Ultrasonic heating occurs at the interface of tissues with different densities. The degree of heat transfer is proportional to the density difference between adjacent tissues. Relatively little heat is absorbed into the subcutaneous fat or musculature. Most energy is converted into heat at the bone surface. This makes ultrasound ideal for pain relief at the bone interface because it does not cause extreme temperature elevation in the superficial tissues. Short-wave and microwave diathermies do not possess the depth of penetration of ultrasound. They have fallen out of practical use in the treatment of pain. These physical modalities may be helpful in the patient with cancer who has pain of muscular or bone origin; however,
heat can increase local blood flow and may be contraindicated in patients with cancer whose pain is at the site of a tumor mass (14, 20). This modality may be beneficial and may provide analgesia in an area of local muscle spasm.

Therapeutic Cold. Cold modalities are traditionally used for acute musculoskeletal trauma. Therapeutic cold controls edema and bruising through its vasoconstrictive properties. Its counterstimulatory properties promote analgesia. Therapeutic cold can also be used to reduce muscle spasms (21, 22). The depth of penetration of cooling treatments is limited. Although marked decreases in skin and subcutaneous tissue temperatures are possible, cooling of deeper tissue is restricted to a few degrees. It should be avoided in areas of the body that have been previously irradiated (20).

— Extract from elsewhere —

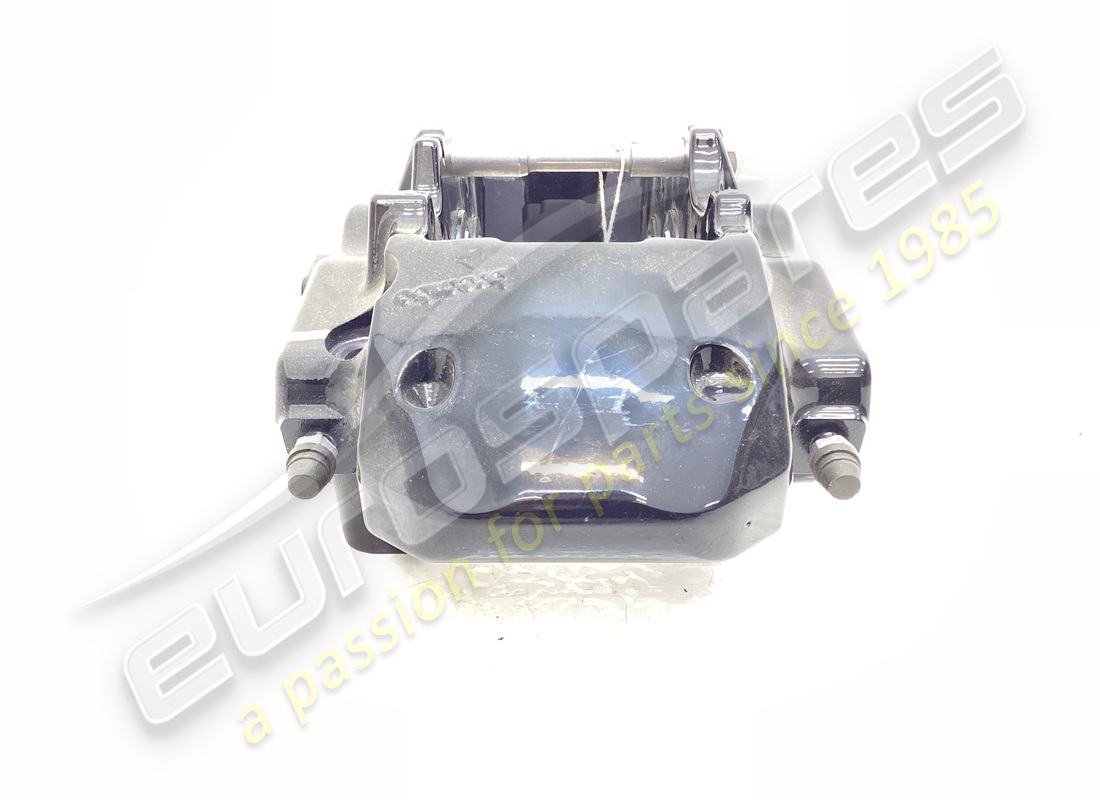 NEW FERRARI LH FRONT CALIPER UNIT. PART NUMBER 234471 (3) new ferrari lh front caliper unit. part number 234471 (3)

There is no evidence base for the use of transcutaneous electrical nerve stimulation (TENS) in the cancer population. However, TENS is generally well tolerated without serious side effects and a trial can be considered when pharmacologic and/or procedural approaches fail to control pain. TENS has been anecdotally reported to reduce pain associated with cancer-related lymphedema and dermal ulceration.

Indications for electrical stimulation of muscles or other tissues are extremely limited among patients with cancer. If pain is considered myogenic, electrical current may be trialed to reduce muscle strain, spasms, or tightness (14, 23).